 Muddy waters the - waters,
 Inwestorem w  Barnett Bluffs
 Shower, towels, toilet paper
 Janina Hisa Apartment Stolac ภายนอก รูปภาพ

==

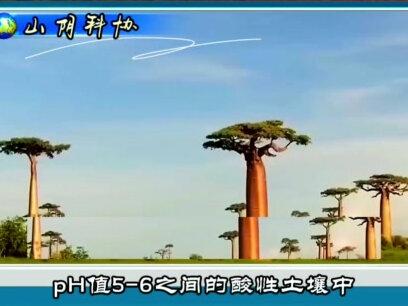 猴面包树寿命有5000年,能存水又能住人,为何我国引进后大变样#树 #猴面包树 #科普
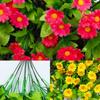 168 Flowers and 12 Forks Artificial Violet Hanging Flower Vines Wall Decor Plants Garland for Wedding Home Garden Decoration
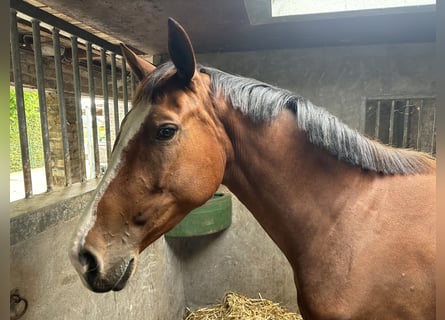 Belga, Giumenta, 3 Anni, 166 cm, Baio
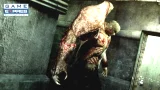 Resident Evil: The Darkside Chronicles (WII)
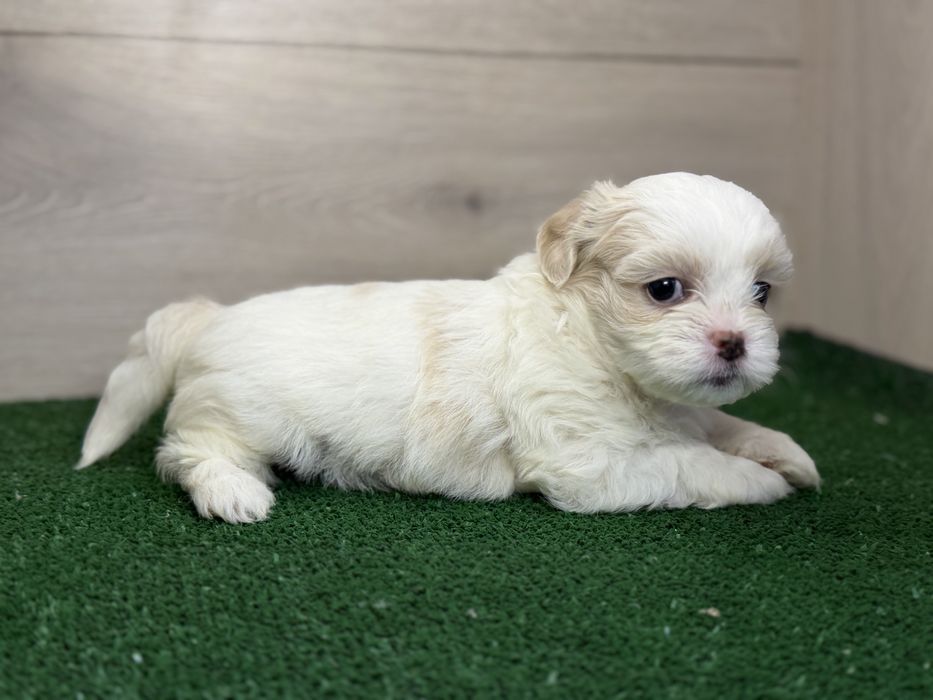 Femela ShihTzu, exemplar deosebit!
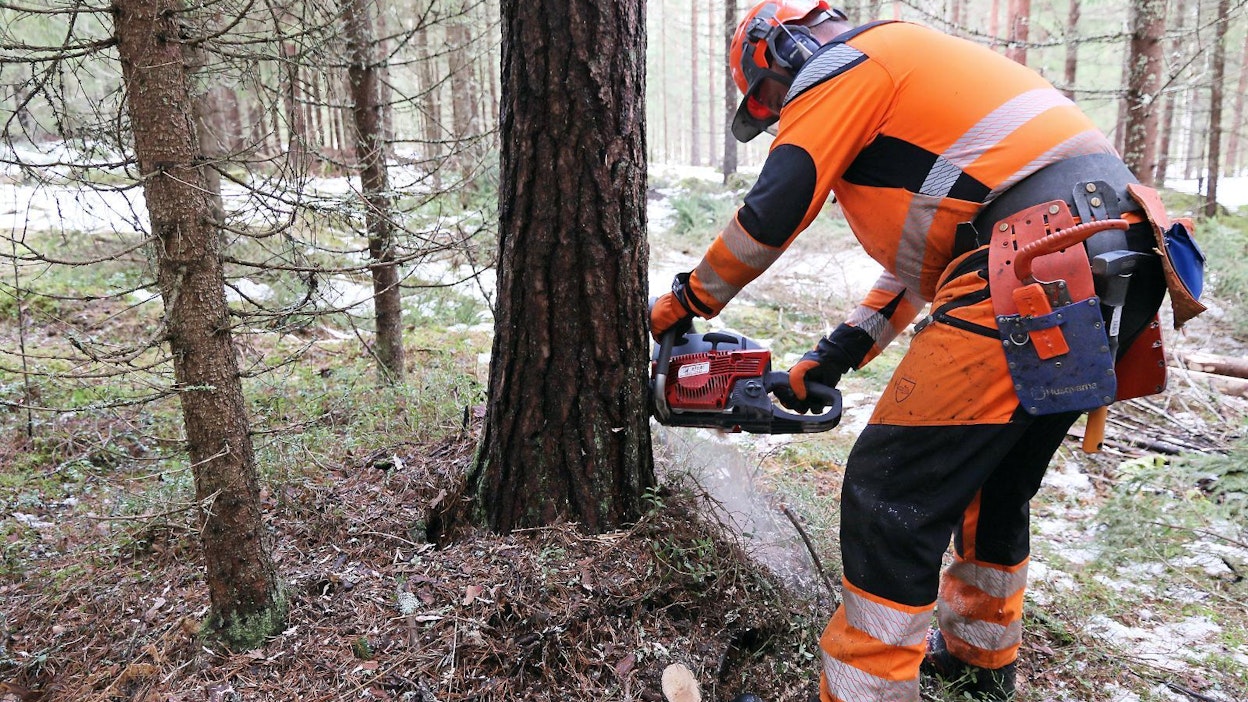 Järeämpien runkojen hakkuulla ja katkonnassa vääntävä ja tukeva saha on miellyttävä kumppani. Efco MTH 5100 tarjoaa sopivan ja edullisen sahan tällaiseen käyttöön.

**WORK INSTRUCTIONS:** Of the entries above, transcribe exactly those lines that fall between the line containing "Muddy waters the" and the line containing "Janina Hisa Apartment Stolac ภายนอก รูปภาพ", together with those two lines.

**OUTPUT OF THE TASK:**
 Muddy waters the - waters,
 Inwestorem w  Barnett Bluffs
 Shower, towels, toilet paper
 Janina Hisa Apartment Stolac ภายนอก รูปภาพ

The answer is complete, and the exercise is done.